Egyptian Arbitration Law No. 27 of 1994 (the Arbitration Law) is based on the UNCITRAL Model Law on International Commercial Arbitration. Furthermore, since its establishment in 1979, the Cairo Regional Centre for International Commercial Arbitration (CRCICA) has adopted the UNCITRAL arbitration rules, with various amendments throughout the years up until 2011, with all amendments based on UNCITRAL arbitration rules.

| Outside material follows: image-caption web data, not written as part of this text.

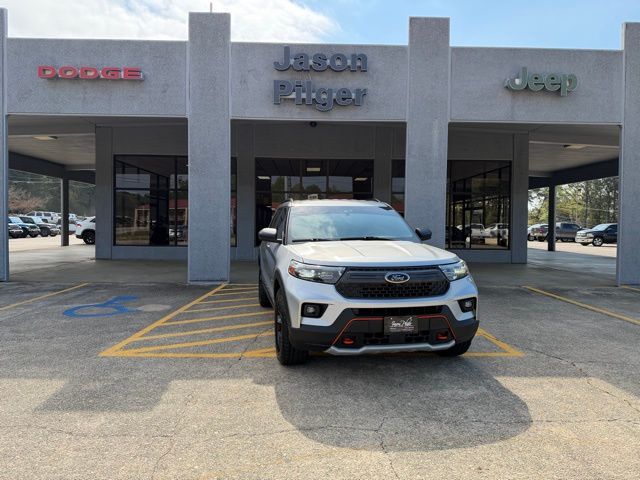 2021 Ford Explorer Timberline AWD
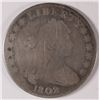 Image 1 : 1802 BUST DOLLAR AG/G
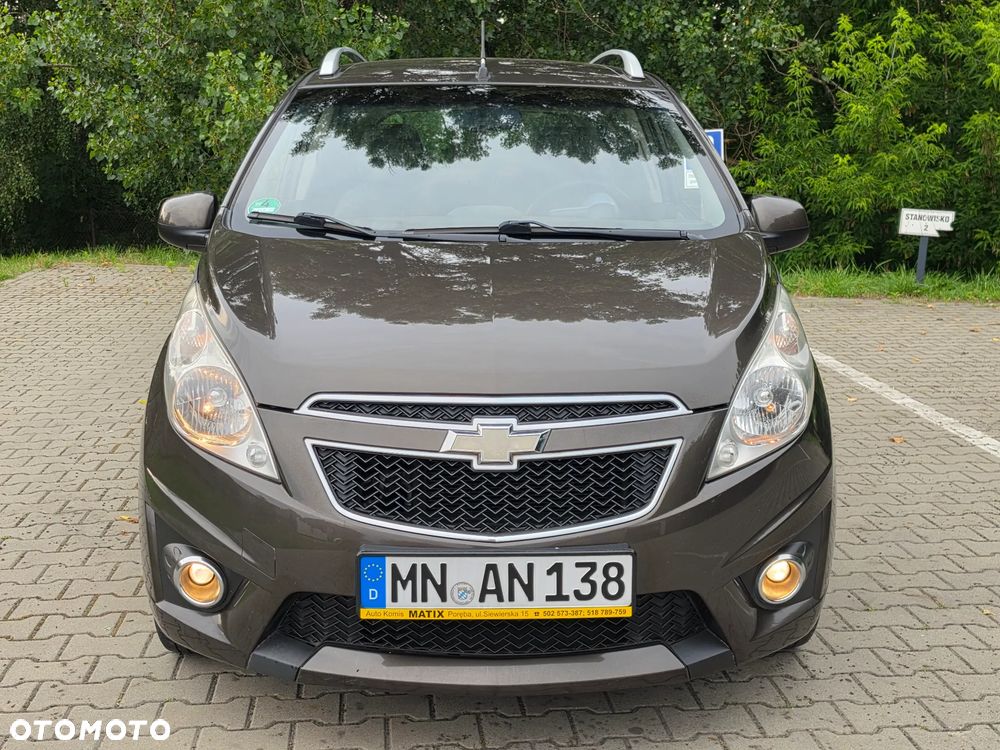 Chevrolet Spark 1.2 LT - 22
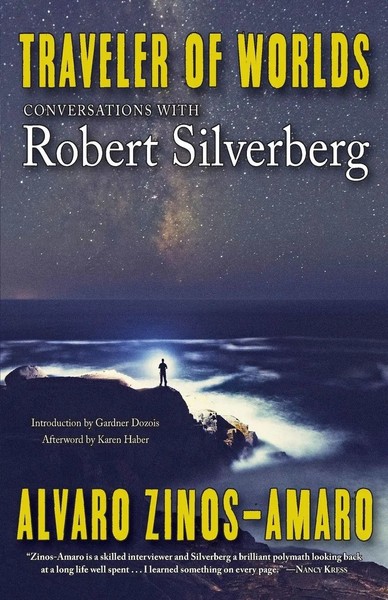 Traveler Of Worlds Conversations With Robert Silverberg Taschenbuch Englisch-image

According to CRCICA, in 2021, four cases involved corporate restructuring agreements. One of these cases involved a settlement agreement for the terms for the termination of an escrow agreement and the closure of an escrow account between an Emirati company and two companies – one in the British Virgin Islands and one in Egypt. Furthermore, two cases related to share purchase agreements – the first case between a Saudi company and a company based in the British Virgin Islands, an Egyptian Company and a Maltese company and the second case between a Ukrainian company and several Egyptian individuals. The remaining case involved a shareholders' agreement between Egyptian individuals organising the exit of a number of shareholders from an Egyptian company.

Egypt has ratified several treaties – namely, the New York Convention in 1959, the Convention on the Settlement of Investment Disputes between States and Nationals of Other States (the ICSID Convention) in 1972, and a number of bilateral investment treaties.

The enforcement of foreign arbitral awards in Egypt is governed by the New York Convention. Under the New York Convention, the enforcement of the arbitral award occurs after depositing the award with the courts and obtaining a writ of execution. The award is then enforced in the same way as that for a court judgment. Furthermore, under the ICSID Convention, enforcement of arbitral awards may be obtained by the competent court or any other authority as decided by the state that is a party to the treaty. In Egypt, the Ministry of Justice is the designated authority to oversee enforcement of arbitral awards in Egypt in accordance with the ICSID Convention.

Future developments

The Egyptian government is currently in the process of preparing an all-new arbitration law that will be proposed to the Egyptian House of Representatives.


1 Mohamed Hashish is a managing partner, Rana Abdelaty is an associate and Farida Rezk is a junior associate at Soliman, Hashish & Partners.